We are all collectively focussing on the negatives in our world and pouring our energy into it. Therefore we create more negativity and pain. If we focus on the positive and the happiness collectively, then collectively that's what we create.


----------



## CECIL (Oct 3, 2004)

Martinelv said:


> They give you a placebo (absolutely no active molecules) and a few people get better, usually because they really believe in the 'drug'.


Exactly why medicine began to frustrate me and I left. You have the Placebo effect, which PROVES that belief is at least as powerful as a drug. Btw Martin, its not "a few people get better". The Placebo effect means that 50% of the people who take a placebo will recover on their own. HALF the people given nothing will do as well as if they had taken medicine because they either believe they will or they heal on their own with no need for a drug in the first place. What if everyone who was given a placebo was told they were given the real deal?

Yet what do we do? We sweep that effect under the rug and design our experiments to work around it. In any drug trial the drug has to perform statistically better than a placebo in a double-blind trial. That means that neither patient nor doctor knows if the patient is getting the drug or a placebo. Still, half the people that believe they got the drug when in fact they got placebo do as well as if they'd got the drug.
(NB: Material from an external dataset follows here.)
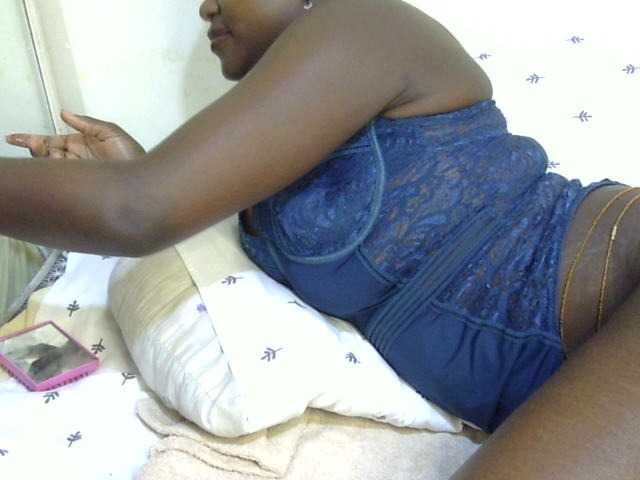 Ebonysonya2 live cam on BongaCams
Additionally, on the same point, a percentage of people who ARE given the drug do WORSE than those given placebo. Is this because they BELIEVE they were given placebo? Is it because they BELIEVE the drug won't work?
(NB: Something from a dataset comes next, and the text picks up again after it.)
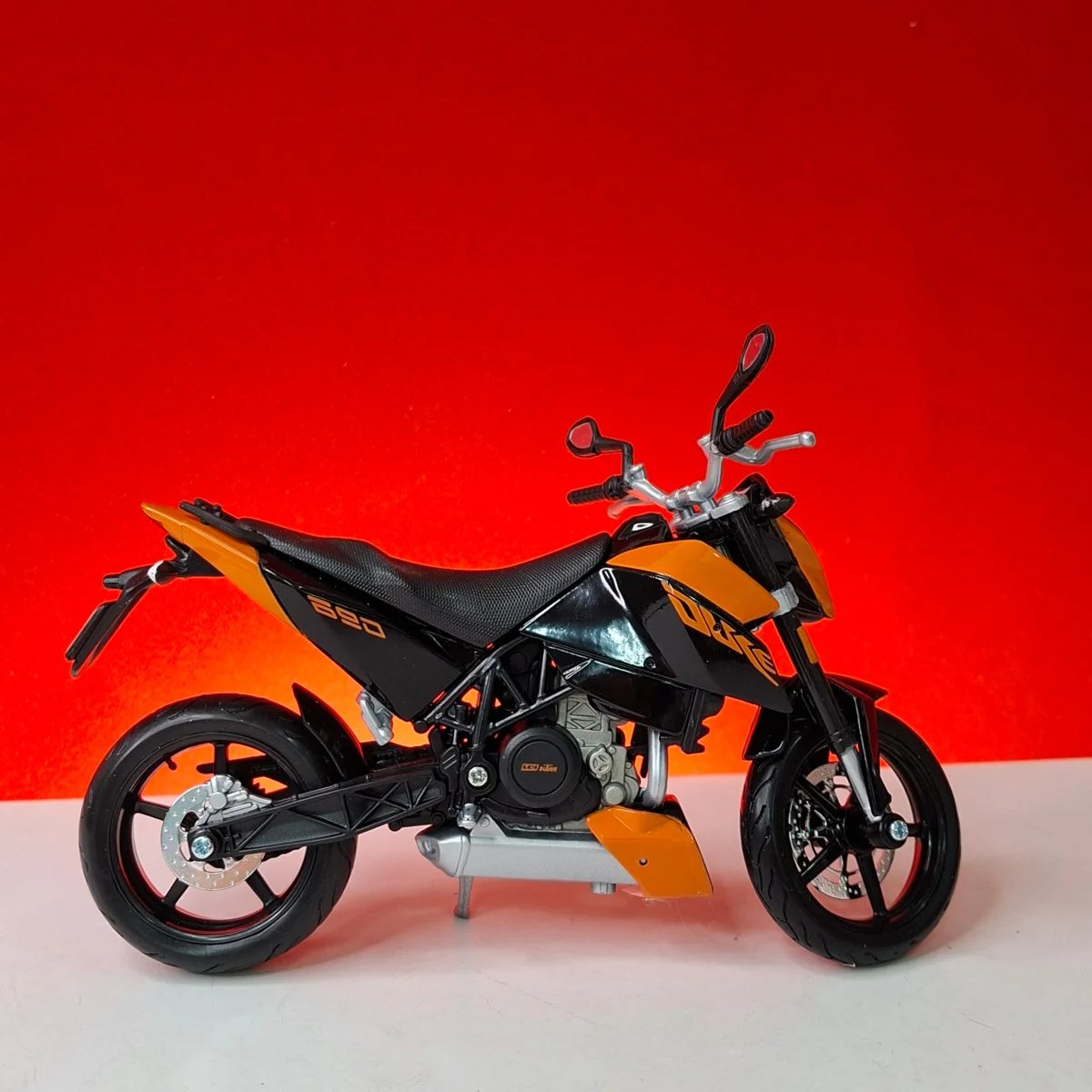 ماکت موتور KTM 690 — نما 3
I really do liken it to instanity. Why not stop designing drugs and start trying to increase the power of belief in patients? It would be easier, cost a whole lot less and be just as effective.


----------



## CECIL (Oct 3, 2004)

Oh, one last thing (sorry for the rant ).

People tend to think that "Seeing is believing". In other words "I'll belive it when I see it". That is NOT how reality works.

*Believing is seeing.*

If you want something to happen, you first have to believe it. You have to love yourself before anyone else will love you. If you want to be abducted by aliens you must first believe aliens exist.


----------



## Martinelv (Aug 10, 2004)

> The Placebo effect means that 50% of the people who take a placebo will recover on their own. HALF the people given nothing will do as well as if they had taken medicine because they either believe they will or they heal on their own with no need for a drug in the first place.


Rot. Where do you come across figures like that? Are you saying that 50% of ALL illness disappear on their own, or are you saying that those all profess a belief in god or simply BELIEVE that that will recover? Terminal, incurable illnesses? If so, why hasn't the homepathic or templeton foundation won the noble prize? Perhaps you also believe that with simply the power of the mind (which I'm still unsure exactly what THAT means...could it possibly be another example of semantics over reality? Hmm, yes I think it could.) an amputee could grow another leg, like a starfish?

I'm sorry Cecil, but this is just an example of shocking ignorance. And it's dangerous talk too, I know from experience. My friend who died from cancer had a whole host of parasitic 'healers' descend on him once the doctors had told him his illness was terminal, but these fiends assured him (and his family, and his eight year old daughter, for christ's sake!) that their (delete as applicable) crystal therapy, faith healing, homeopathy...ad nauseaeum, would cure him. And they, as most people in a vunerable and desperate state do, bought it. Result? He died five days later. You can imagine how it effected his daughter. In fact, I had to baby-sit her a few months after his death and she broke down and asked me why her daddy had died after all the 'magic' people told her otherwise.

It makes me sick.


----------



## Pollyanna 3098 (Dec 12, 2006)

> Pollyanna, you are thinking too linearly and too black and white. There are currently ~6 billion unique realities in this world (one for each person, including you). Some things we create collectively and all agree upon. Other things we create just for ourselves and they can exist even if other people's realities say they can't.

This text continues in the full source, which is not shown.